We have the PIGS (Portugal, Ireland, Greece, and Spain) battling with debt issues in Europe. Spain is not fully there yet, but may inevitably need to find money. These countries are referred to as the PIGS because of their need for financial help.
Stock markets are battling negative sentiment here. The situation was helped by the crisis in Europe, but my economic analysis is that you cannot blame the Europeans, as there is a financial mess of our own here.
The key stock indices are languishing below their respective 50-day moving average (MA) and 200-day MA. The near-term technical picture is bearish and is dangerous at this time without any base or support.
A debt resolution was approved by the Senate and White House. The deal calls for a $2.1-trillion increase in the debt ceiling to around $16.4 trillion, which will allow the country to pay its debt obligations and spend. First of all, this is just adding to a massive debt load. In return, there will be spending cuts of about $2.4 trillion; but over a 10-year period!
The debt increase is not what we needed, but was essential. The government will need to focus on the cost side and implement its own austerity programs with discipline in order to cut the deficit and begin to work to bring down the massive $14.6-trillion national debt. It’s scary looking at the debt load and watching the mounting interest payments.
And in a “what if” scenario, can you imagine the impact of higher interest rates? It would make interest payments much higher and make it that much more difficult to reduce the debt load.
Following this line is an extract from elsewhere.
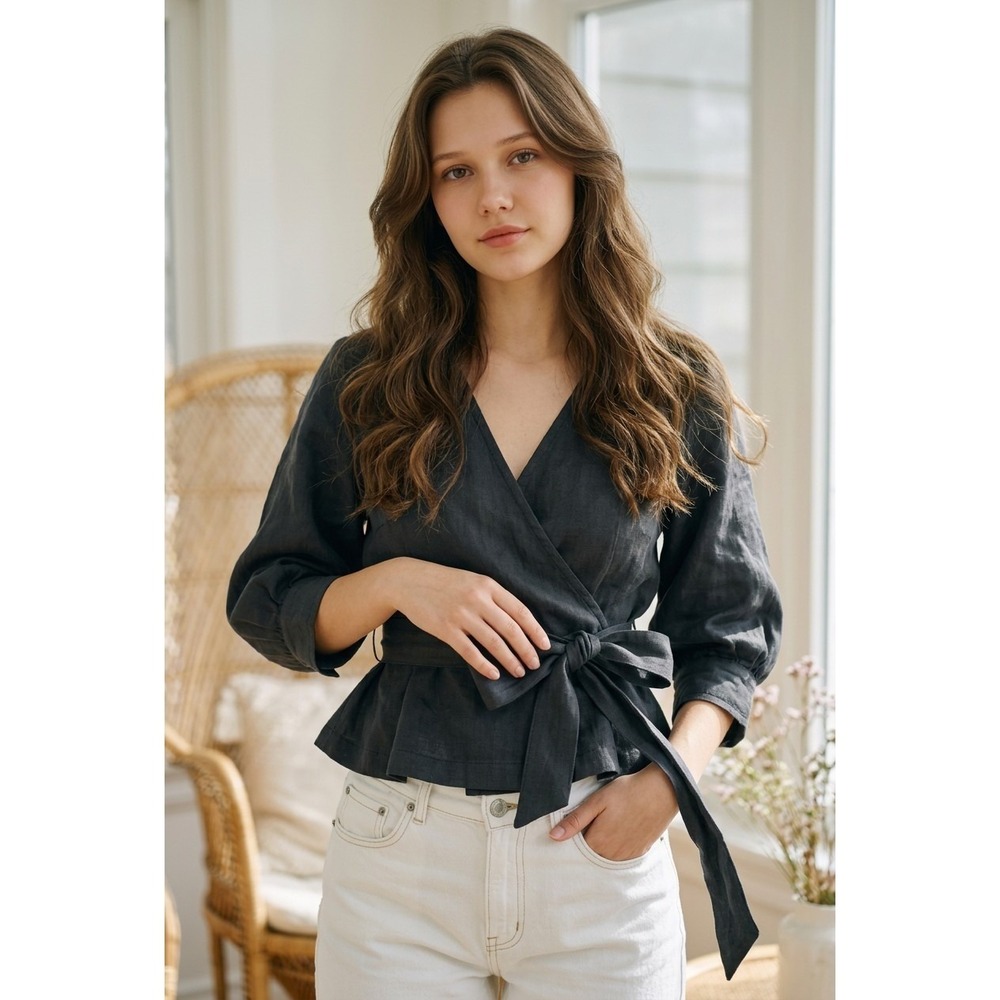 Y2K Collective Concepts‎ Black Silk Cotton Wrap Peplum Coquette Blouse S/M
The problem, as I have been saying, is that the U.S. economy is not faring well and is below President Obama’s hopeful expectations after spending nearly a trillion dollars in infrastructure spending along with QE2.
The sky is not falling yet, but may be pretty close to it.
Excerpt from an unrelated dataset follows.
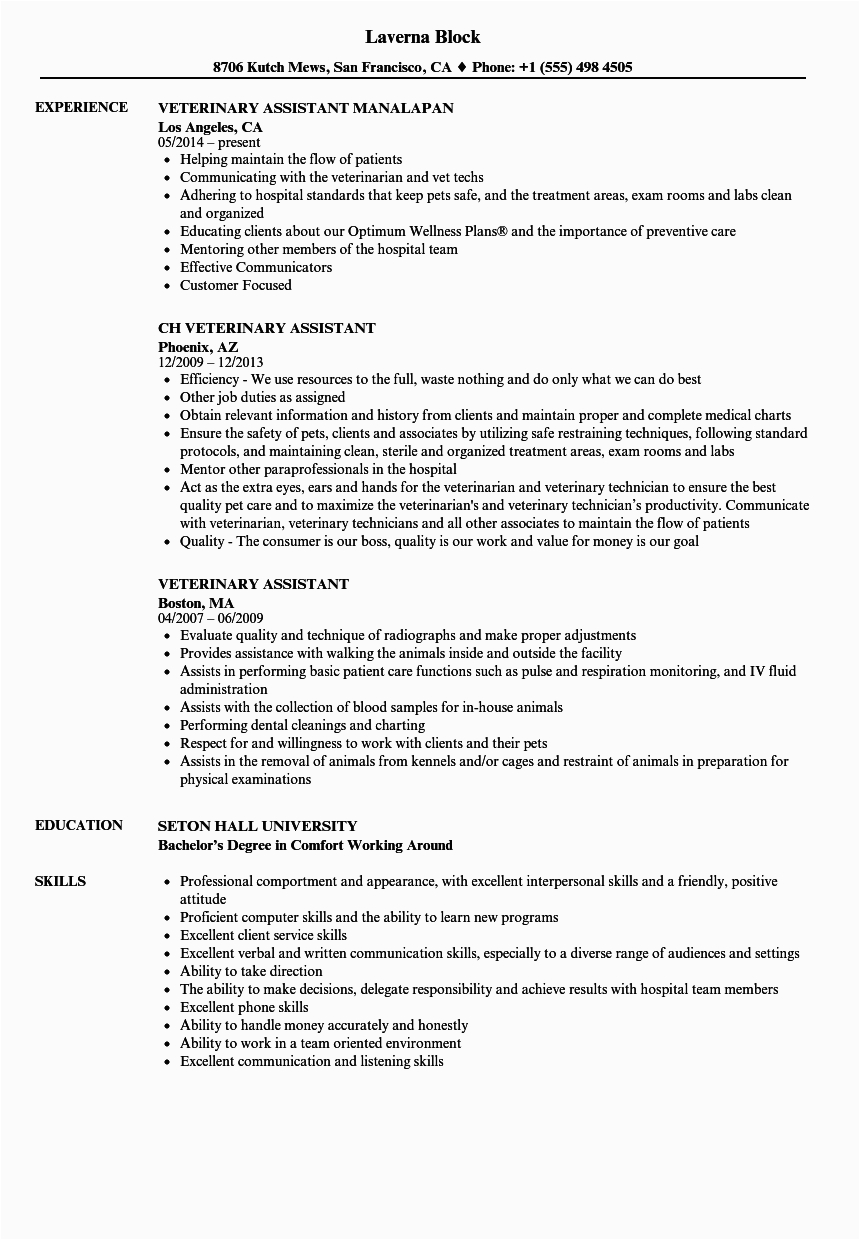 Veterinary assistant Resume Sample with No Experience Veterinary assistant Resume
Just take a look at the second-quarter GDP that came in at a meager 1.3%, well below the 1.7% estimate. In contrast, China is slowing, but is still growing at around nine percent!
And making matters worse was a downward revision in the previous first-quarter estimate to a dismal 0.4% from 1.9%.
JP Morgan downgraded its estimate for the Q3 GDP to 1.5% from 2.5%.
I doubt we will see another recession, but you cannot brush this off. The probability for another recession is below 50% in my view, but it is still a possibility.
Manufacturing numbers continue to show a stagnant economy. The ISM Index was flat at 50.9 in July, its lowest reading in years and well below the revised 54.0 in June. An ISM reading above 50.0 represents expansion, so the reading is a concern.
The ISM Services index was also weak and grew at its lowest rate in 17 months.
Factory orders also declined in June.
So the red flags are evident. It’s becoming clearer that the U.S. economy is at risk for another decline and possible recession if stalling continues and the jobs market fails to ignite.
With the higher debt ceiling, we may yet see QE3.